Having an unnormalised representation for floating-point numbers may simplify the final step of any basic floating point operation, because you don't need to re-normalise the result. But in turn, the initial steps of just about every floating point operation become more complex.

Let's take division as an example. Most modern floating-point hardware use Goldschmidt's algorithm, which is based on this idea:

Suppose that we want to calculate $\frac{n}{d}$, where $d$ is close to (but not equal to) one. Then we multiply both the numerator and the denominator by $2-d$.

Suppose $d = 1 + \epsilon$, then the new division problem is:

$$\frac{n}{1+\epsilon} = \frac{n(2-d)}{(1+\epsilon)(1-\epsilon)} = \frac{n(2-d)}{1-\epsilon^2}$$

This results in a denominator which is quadratically closer to 1. Repeat this operation until it gets close enough.

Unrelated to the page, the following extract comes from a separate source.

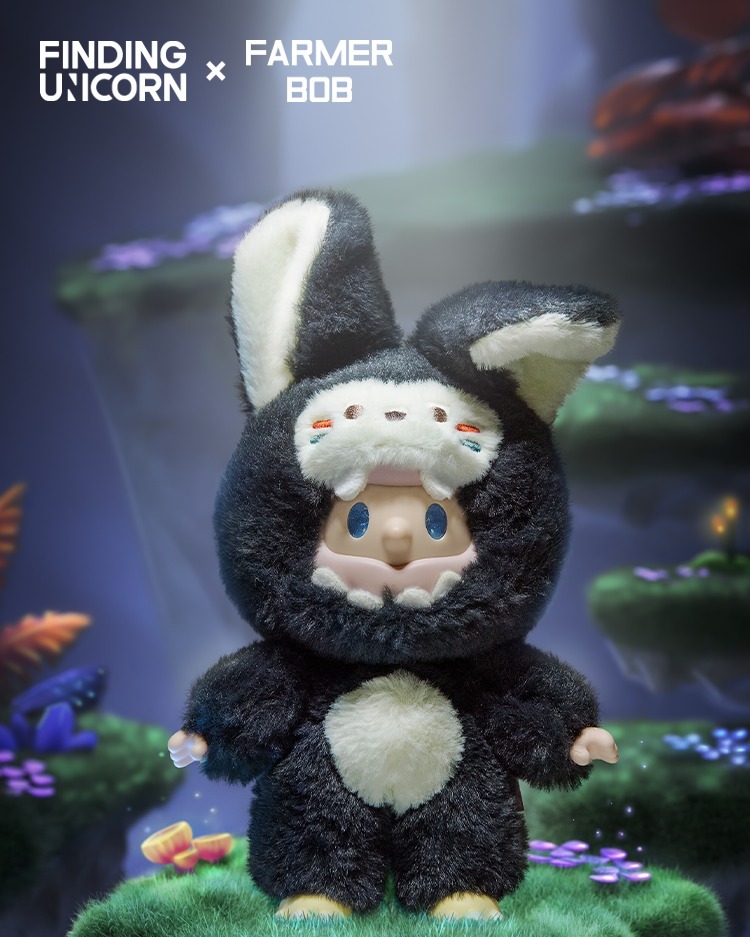Farmer Bob 怪奇夜遊團 搪膠絨毛盒玩 - 隨機單抽 - Farmer Bob Monster Ani-Night blind box series- assortment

So Goldschmidt's algorithm works as follows. To calculate the quotient of two floating point numbers:

$$\frac{m_1 \times 2^{e_1}}{m_2 \times 2^{e_2}}$$

where $m_1$ and $m_2$ are between 1 and 2, we use a lookup table to find an approximation to $\frac{1}{m_2}$, which we will call $R$. Then we calculate:

$$n_1 = m_1 R$$ $$d_1 = m_2 R$$ $$n_{i+1} = n_i (2-d_i)$$ $$d_{i+1} = d_i (2-d_i)$$

and when we have done enough iterations (say $j$), we return:

$$n_j \times 2^{e_1 - e_2}$$

The final step will involve normalisation; $n_j$ will not, in general, be between 1 and 2. So if we could have unnormalised floating point numbers, the final step will be a bit simpler.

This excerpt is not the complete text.